Damon, I noticed you didn't list eco-complete in your favorite substrate list. I'm in the process of setting up a tank with it and I was wondering what you don't like about it.


----------



## Mazzy (Dec 16, 2006)

? Maybe you are misunderstanding... it seems to me, we are in agreement. I said water movement combats algae and you said water movement may help with algea... it's the same. I never said a powerhead prevented algea, that was a misquote. I know that the higher water movement is very good for combating algea and although I appreciate that you are telling me you have vast fish knowledge, I do also, and so, I will keep the powerhead as I know that it can and does keep algea to a minimum or, in the case of my pond, completely elliminated it. As you surely know since you also have knowledge of fishkeeping, algae hates high water current, hence the reason the powerhead aka high water flow, works so well. 
Thanks for your input.


----------



## Damon (Jan 18, 2005)

I personally don't like eco-complete because................
It attracts bba
The coloring washes off leaving white bits in the tank
When I had mine, there was a bad batch on the market that was extremely high in PO4
Too expensive


----------



## Damon (Jan 18, 2005)

Mazzy, you're missing my point. If you are getting algae in the tank in abundance, there is something wrong in there. In the case of a planted tank, algae blooms mean imbalance in the tripod of plant life (light/co2/ferts). The powerhead will help fix the result, but not the problem.


----------



## Mazzy (Dec 16, 2006)

oh, I'm not getting algea in abundance, I don't have algea at all, litterally at all, at the moment. If anything I'm worried there aren't going to be enough nutrients for my plants since algea isn't even growing. I am simply saying that for my part, I prefer high water movement to stave off algea. I understand your point about inequalities in water conditions; my point is simply that all things being correct, in planted tanks (especially without co2), algea happens- albeit in smaller amounts in more balanced tanks, and that I prefer the use of a powerhead to help reduce that issue, as I find it unsightly.

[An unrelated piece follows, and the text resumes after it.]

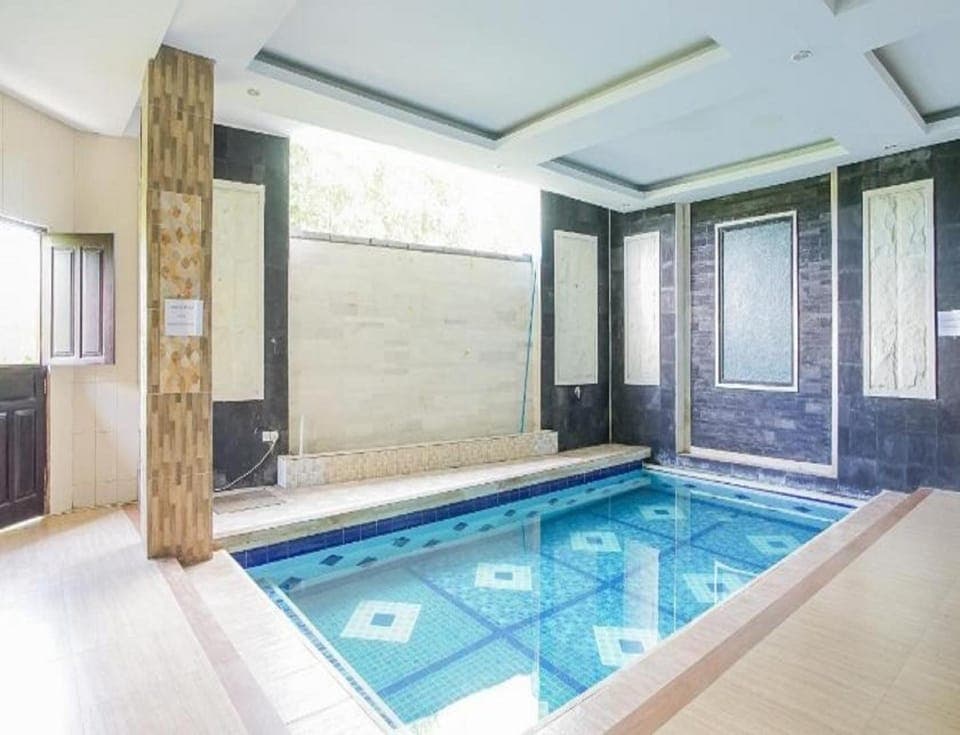 Swimming pool, Swimming pool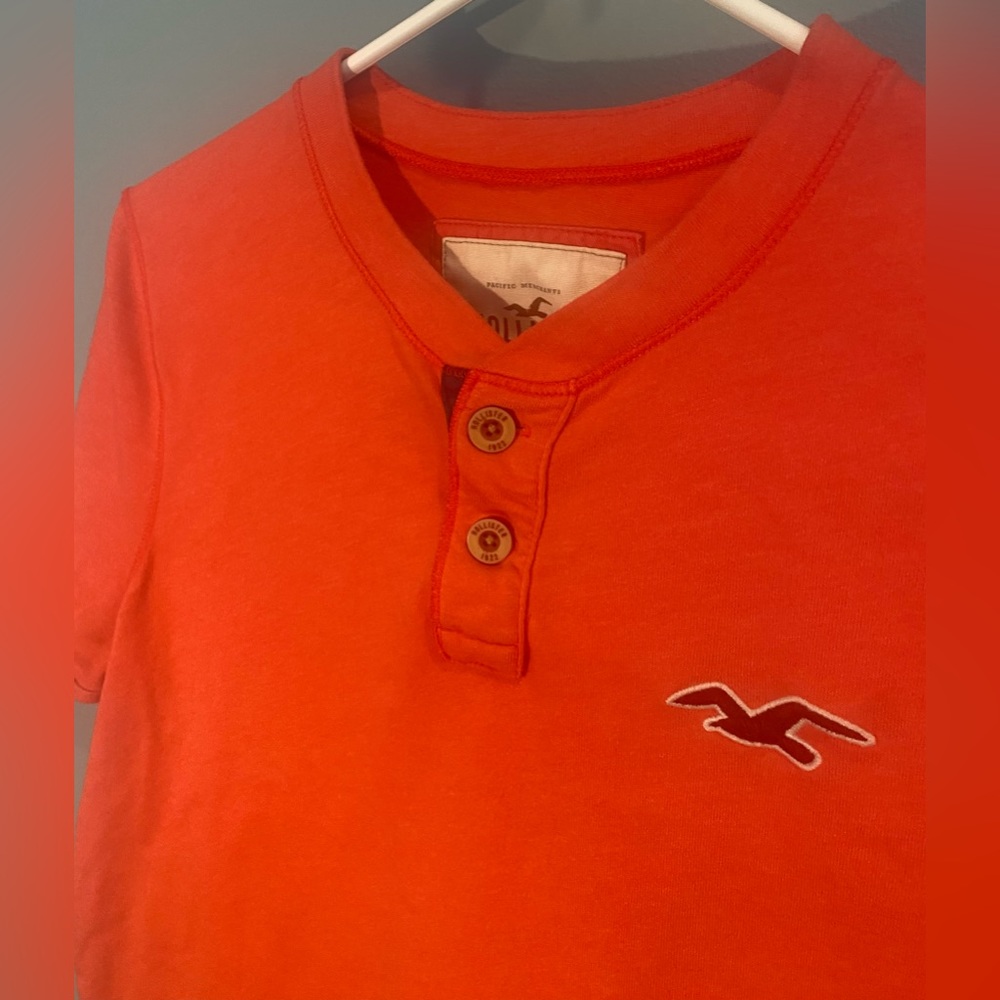 Men’s Medium Hollister Orange Short Sleeve Shirt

When I first set up the tank to be a planted tank - algea galore - then the tank finished cycling, the plants became established, and now all is well on the algea front. BUT I will not remove the powerhead as I would prefer to see no algea, not even the little dots of it that get on the glass, if I can prevent it. And I believe that using a powerhead will at least help in that respect.

As for the Eco-complete, I really hope mine doesn't turn white. You said yours was a bad batch. How did you know that? Or was it an assumption cuz you had trouble with it?? SO far I am loving the results - but mine hasn't turned white (yet) either.

As far as all subs - just fyi to the original poster, there is a thread on here in the planted section that someone took pics of using Eco-complete and in another tank using Flourite. I'm sorry I can't direct you to it but you can scan the threads and find it I'm sure. It's an eye opener, or at least it was for me when I saw that Flourite tank.


----------



## TigerBarb12 (Jan 7, 2007)

any kind of substrate should work


----------



## Damon (Jan 18, 2005)

The turning white is random. Happens in good batches as well. Not a lot but noticeable. As for getting a bad bag from a bad batch, Caribsea has already replaced the bad bags. There arent any more out there unless someone has been sitting on one for 8 months +. They made it known after several people complained about excessive po4. I'm sure there is still a link on their website about the issue.


----------